By Karen Freifeld
(Reuters) -Semiconductor equipment maker Applied Materials is under U.S. criminal investigation for potentially evading export restrictions on China’s top chipmaker SMIC, according to three people familiar with the matter.
The largest U.S. semiconductor equipment maker is being probed by the Justice Department for sending equipment to SMIC via South Korea without export licenses, the sources said. Hundreds of millions of dollars of equipment is involved, one of the people said. Reuters is reporting details of the probe for the first time.
Shares in Applied Materials fell 7.3% after the news and the company reported quarterly results.
The U.S. has restricted shipments of advanced chips and chipmaking equipment to China for national security, and the Justice and Commerce departments launched a task force earlier this year to investigate and prosecute criminal violations of export controls. The rules are aimed at stemming the flow of U.S. technology that could be used to bolster China’s military and intelligence capabilities.
Santa Clara, California-based Applied Materials said Thursday it first disclosed in October 2022 that it had received a subpoena from the U.S. Attorney’s Office in Massachusetts for information on certain China customer shipments. “The company is cooperating with the government and remains committed to compliance and global laws, including export controls and trade regulations,” it said in a statement.
The U.S. Attorney’s office in Boston said: “We do not confirm or deny investigations.”
Prosecutors in the office’s National Security Unit are handling the ongoing probe, two sources said.
Reuters could not determine whether Applied Materials violated the law, and it isn’t clear whether the investigation will result in charges.
The company produced semiconductor equipment in Massachusetts, then repeatedly shipped the equipment from its plant in Gloucester to a subsidiary in South Korea, the people said. From there, the equipment went to China’s Semiconductor Manufacturing International Corporation (SMIC), the people, familiar with the probe, said.
The shipments began after the U.S. Commerce Department added SMIC to its “Entity List” in December 2020, which restricted exports of goods and technology to the company, two of the sources said, and took place in 2021 and 2022.
SMIC was placed on the list over its apparent ties to the Chinese military. SMIC did not immediately respond to a request for comment on the shipments from Applied Materials. In 2020, SMIC denied ties with the Chinese military, saying that it manufactures chips and provides services “solely for civilian and commercial end-users and end-uses.”
A spokesperson for the Commerce Department, which oversees export controls, declined comment. A spokesperson for China’s embassy in Washington was not aware of the Applied Materials probe. But Liu Pengyu, the spokesperson, said that, as a general principle, “imposed restrictions” are “at odds with market economy principles and fair competition.”
When asked about the probe, Mao Ning, a spokesperson for the Chinese foreign ministry, told a regular news briefing on Friday that the U.S. should stop disrupting the global semiconductor industry’s production and supply chain.

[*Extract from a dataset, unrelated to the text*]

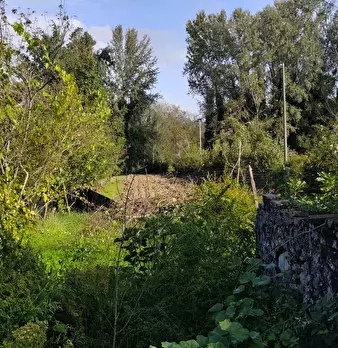 Foto annuncio 11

“China will pay close attention to relevant developments and resolutely safeguard its own rights and interests.”
SUBJECT TO UNCERTAINTIES
In adding SMIC to its trade blacklist in 2020, the Commerce Department said that licenses for equipment uniquely capable of producing chips at advanced technology nodes are likely to be denied to “prevent such key enabling technology from supporting China’s military modernization efforts,” according to a 2020 posting in the Federal Register.
Licenses for other items are subject to a case-by-case review, it added.
In March 2021, Reuters reported that the U.S. government had been slow to approve licenses for American companies like Lam Research Corp and Applied Materials to sell to SMIC.
“This matter is subject to uncertainties, and we cannot predict the outcome, nor reasonably estimate a range of loss or penalties, if any, relating to this matter,” the company said in an August 2023 filing with the U.S. Securities and Exchange Commission, in reference to its 2022 receipt of the subpoena relating to certain China customer shipments.